Web Scraping in R with rvest: Extract Any Table or Text in 10 Minutes

Web scraping in R means pulling structured data out of HTML pages. The rvest package turns that into a three-line workflow: read_html() to fetch the page, html_elements() to target what you want with CSS selectors, and html_table() or html_text2() to extract the content.

By Selva Prabhakaran · Published May 11, 2026 · Last updated May 11, 2026

What can you actually scrape from a webpage?

Anything that lives in the HTML source, tables, headlines, prices, links, image URLs, ratings, review text. The payoff is direct: instead of copy-pasting a Wikipedia table into Excel, you pull it into R as a data frame in one call. Let's start with exactly that.

Note

Scraping real URLs needs live network access, so the code blocks on this page are shown as static snippets. Copy them into your local RStudio (or any R session) to run them end-to-end.

library(rvest)

library(httr2)
library(readr)
url <- "https://en.wikipedia.org/wiki/List_of_countries_by_GDP_(nominal)"
page <- read_html(url)

gdp_tables <- page |> html_elements("table.wikitable") |> html_table()

gdp <- gdp_tables[[1]]
head(gdp, 5)
#> # A tibble: 5 x 6
#>   Country/Territory  UN region   IMF[1][13]             World Bank[14] ...

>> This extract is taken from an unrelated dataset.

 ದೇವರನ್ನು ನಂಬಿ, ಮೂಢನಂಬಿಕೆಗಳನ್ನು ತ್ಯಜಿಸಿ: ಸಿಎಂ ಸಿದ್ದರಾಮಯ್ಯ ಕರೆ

One page, one line, a real data frame. read_html() downloads the HTML; html_elements("table.wikitable") grabs every table with that CSS class; html_table() parses each one into a tibble.

Note

rvest ships with the tidyverse. If it's not installed: install.packages("rvest"). The native pipe |> needs R 4.1+.

Try it: Change the index from [[1]] to [[2]] and inspect the second GDP table. What's different about its columns?

# Your code here — reuse gdp_tables from above and grab [[2]]

Click to reveal solution

RExtract GDP table solution

ex_gdp <- gdp_tables[[2]] head(ex_gdp, 3)

gdp_tables is a list of every <table class='wikitable'> on the page, in document order, so [[2]] is the second one, usually a smaller regional or historical breakdown with fewer columns than the headline table. Swapping the index is all you need to move between tables once the page has been parsed.

How do read_html() and html_elements() work?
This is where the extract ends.